## Records to process

-.-.-

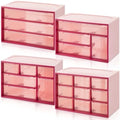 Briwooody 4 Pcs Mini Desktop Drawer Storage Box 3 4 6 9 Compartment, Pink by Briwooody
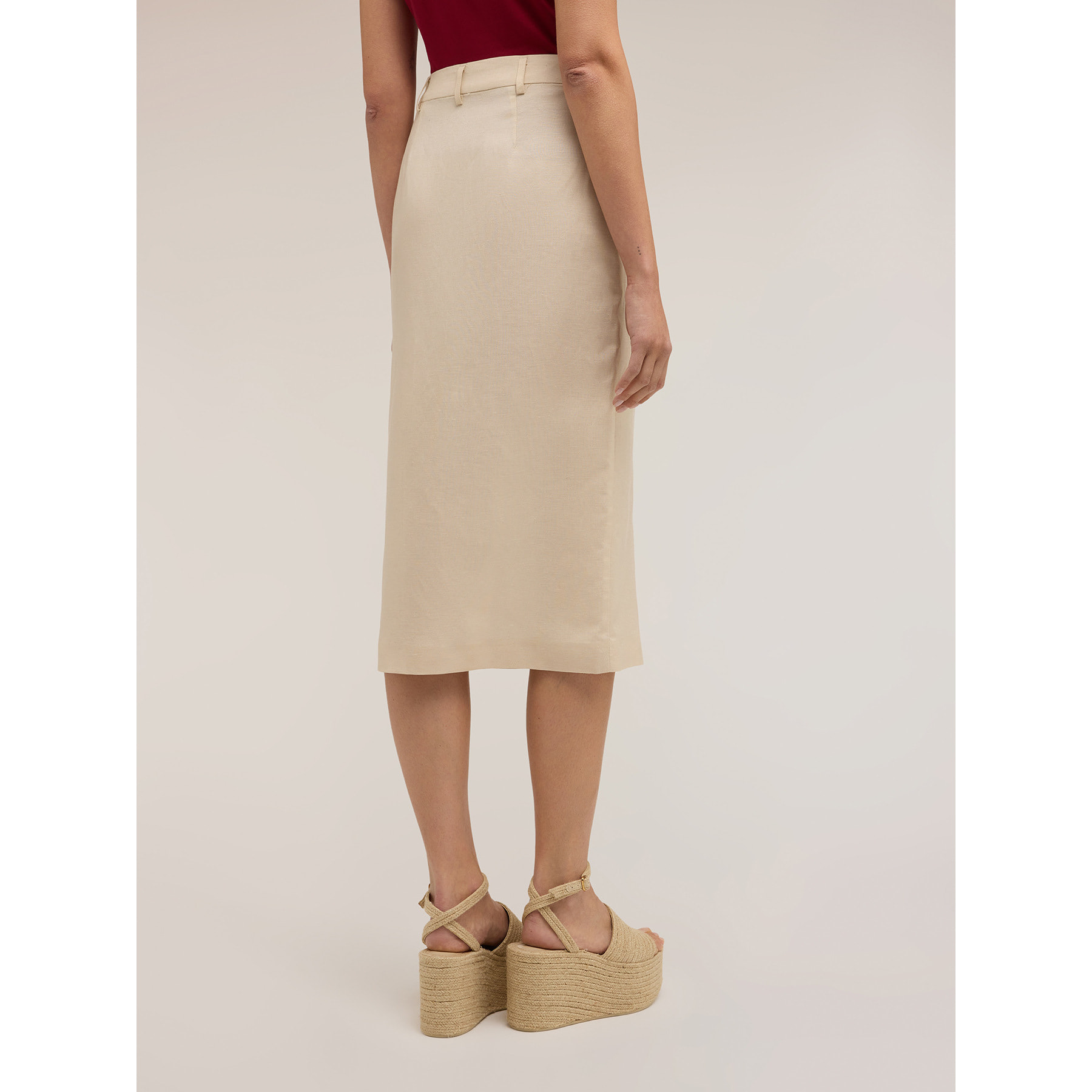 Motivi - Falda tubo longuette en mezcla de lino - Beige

-.-.-

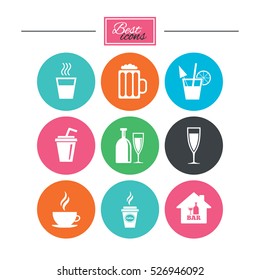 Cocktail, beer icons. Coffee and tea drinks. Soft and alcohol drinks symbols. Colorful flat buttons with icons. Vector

-.-.-

## About this task
What you write must match the listing exactly, from the line with "Briwooody 4 Pcs" up to and including the line with "Motivi - Falda". Pictures stay out.

## Solution for this problem
 Briwooody 4 Pcs Mini Desktop Drawer Storage Box 3 4 6 9 Compartment, Pink by Briwooody
 Motivi - Falda tubo longuette en mezcla de lino - Beige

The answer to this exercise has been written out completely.